We know that, force acting on element $A B$ in uniform magnetic field,
$$
F=I B \Delta l
$$
... (iii) (radially outward)
By resolving tension into sine and cosine components $T \cos \frac{\Delta \theta}{2}$ is acting equal and opposite.
So, it is cancelled.


But sum of sine component is equal and opposite to $F$.
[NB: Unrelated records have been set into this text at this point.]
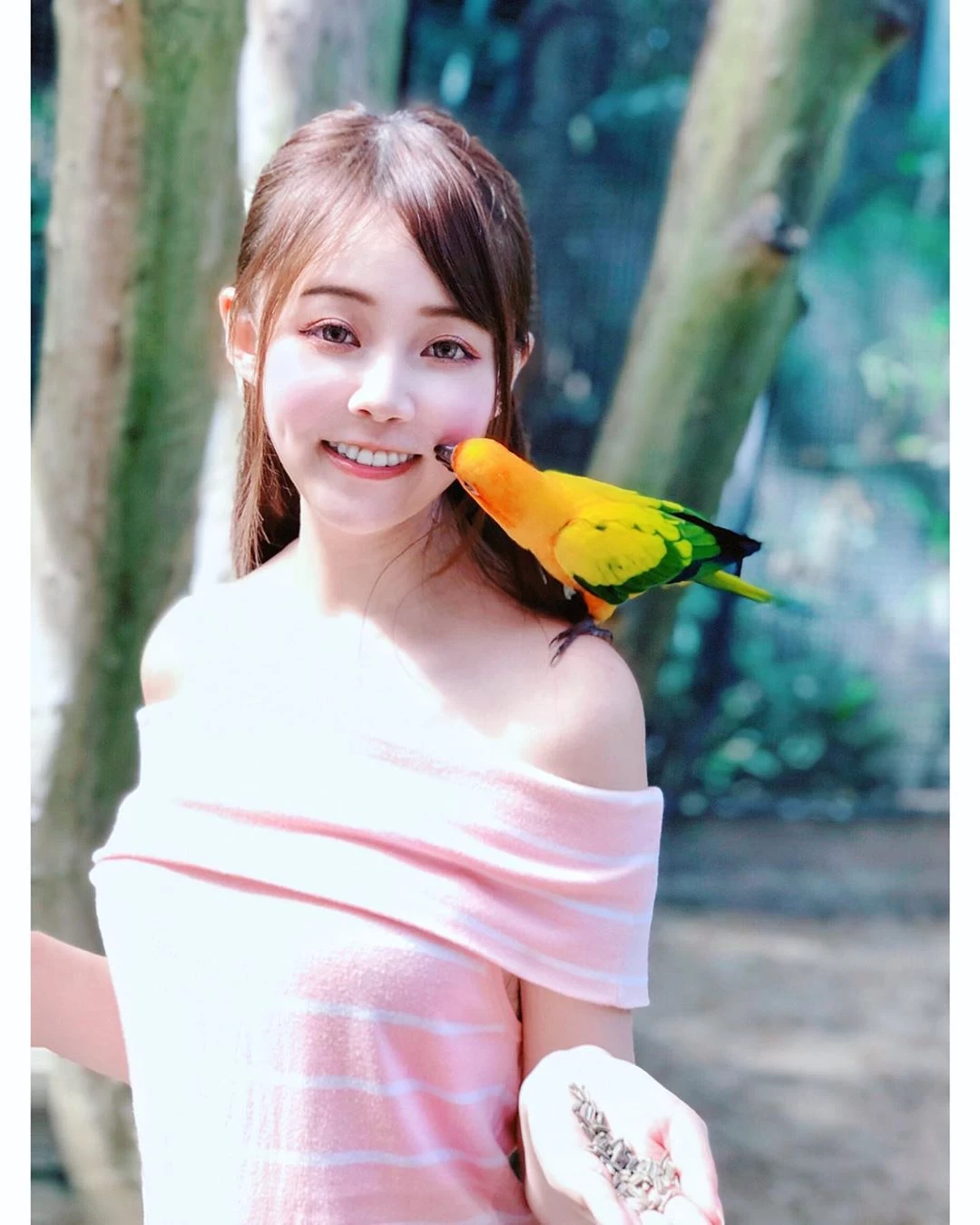4047133.webp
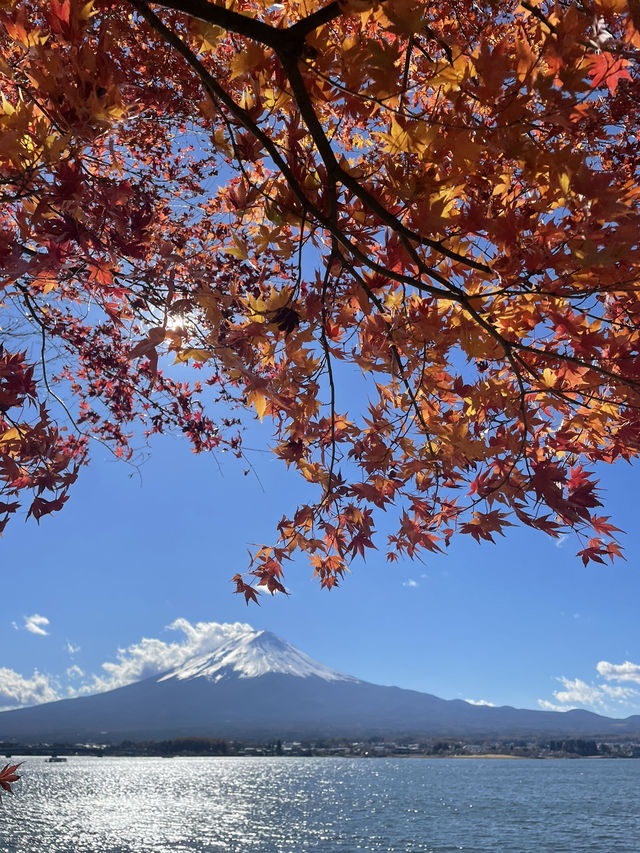 【山梨】富士山のほとりで秋満喫🍂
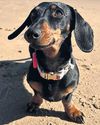 Net closes on dachshund Valerie, who escaped island pen in 202339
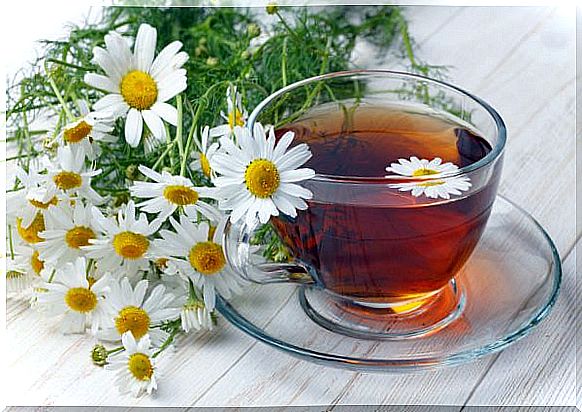 Chamomile has a calming effect on cuts.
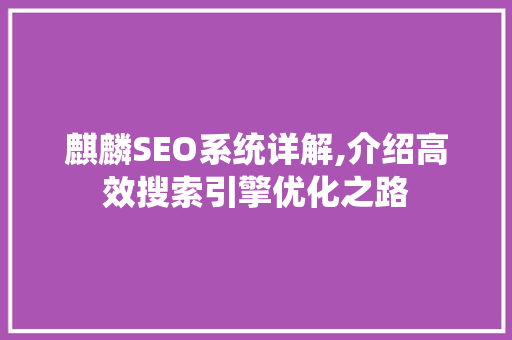 麒麟SEO系统详解,介绍高效搜索引擎优化之路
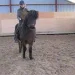 MF Hansen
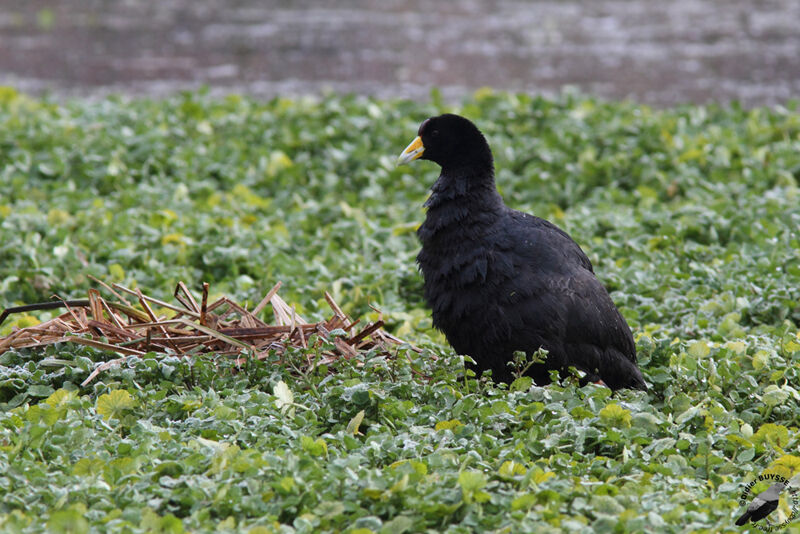 Foulque ardoiséeadulte, identification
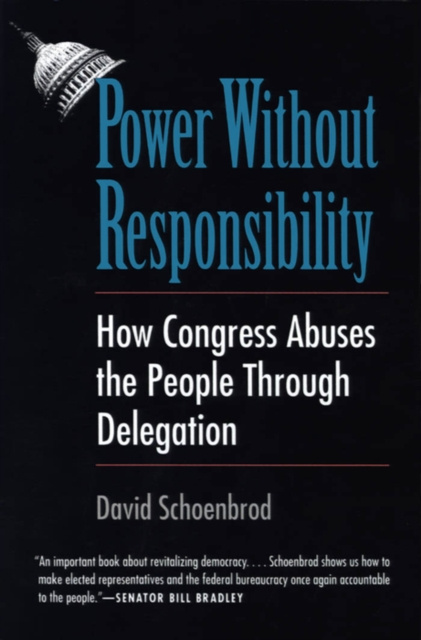 E-book Power Without Responsibility David Schoenbrod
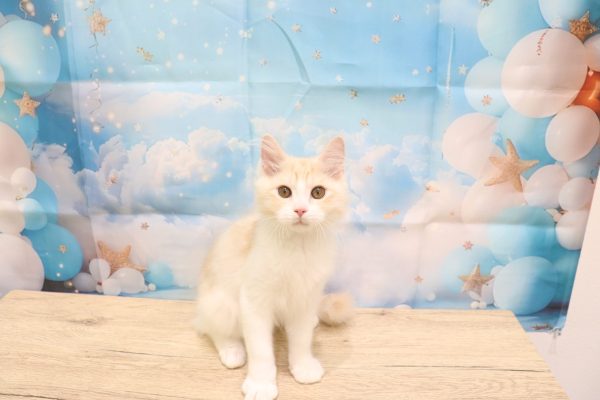 愛知県のマンチカン (ペットショッププチマリア 一宮イオンモール木曽川キリオ店/2026年4月6日生まれ/男の子/レッドタビーホワイト)の子猫の2枚目の画像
$\therefore$ At equilibrium, we get
$$
2 T \sin \frac{\Delta \theta}{2}=F
$$
As $\frac{\Delta \theta}{2}$ is very small angle, so, $\sin \frac{\Delta \theta}{2}=\frac{\Delta \theta}{2}$
By substituting the values, we get
$$
\begin{aligned}
2 T \frac{\Delta \theta}{2} & =I B \Delta l \Rightarrow T \Delta \theta=I B R \Delta \theta \\
T & =I B R...(i)
\end{aligned}
$$
Using Eqs. (i) and (iv), we get
$$
T=I B L / 2 \pi
$$